As palavras do diretor contrastam com a falta evidente de locais adequados para depositar o lixo, um dos problemas mais graves em Timor-Leste e uma situação à vista de todos. Além do número reduzido de contentores, são muitos os cidadãos que escolhem colocar o lixo ao lado dos contentores, em vez de o fazerem no local próprio.

Dados do Banco de Desenvolvimento Asiático revelam que Timor-Leste, um país com pouco mais de 1 milhão e 300 mil habitantes, produziu, em 2018, praticamente 80 toneladas de resíduos plásticos por dia.

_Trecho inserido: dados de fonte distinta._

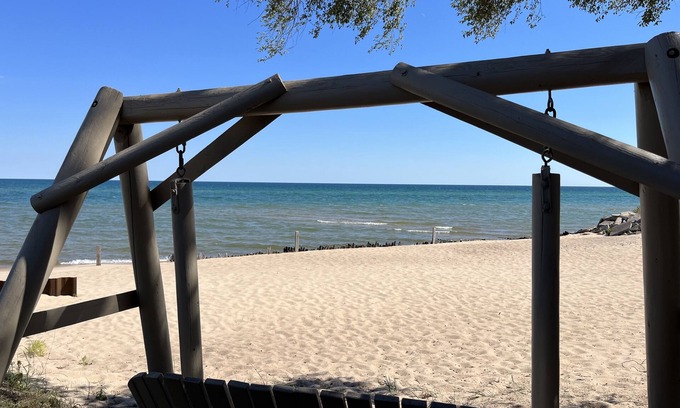 Oscoda Complejo | Three bedroom Beach cottage on the shore of Lake Huron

A maioria desse lixo acaba por ser queimado ou despejado no mar, que, enquanto não forem tomadas medidas eficazes pelas entidades competentes, vai continuar a ser indefinidamente um “mar de lixo”.

Ver os comentários para o artigo

  1. Que preocupante.

    “Culpabilizam a sociedade pela falta de consciência ambiental, mas com a fome e o desemprego que temos no país, ninguém consegue ter consciência de nada”. este senhor tem razão.

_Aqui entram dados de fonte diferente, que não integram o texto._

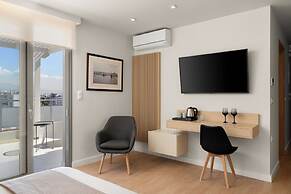 Gallery Central Piraeus Port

  2. Sim, infelizmente também testemunhei que na zona da Areia Branca, o cartão de visita, é um mar de lixo…
    Percebe-se que falham os serviços e a educação ambiental..Já vi voluntários a limpar,mas não resolve o problema de fundo: educação cívica e serviços regulares de limpeza.
    As demoras burocráticas relatadas no artigo não convencem quando o problema é a saúde das pessoas.
    Na zona há cartazes que alertam para os perigos. .Mas quantos os conseguem ler e entender ?

    Impressionante é ver como as pessoas se sentam no areal a comer no meio das lixeiras em redor e largam aí também o seu contributo…
    Degradante,perigoso e vergonhoso!

  3. A educacao e parte integrante de qualquer cultura. A cultura sem educacao e um vazio, um oco, e um desperdicio.
    A cultura e a educacao tem de ser irma gemeas!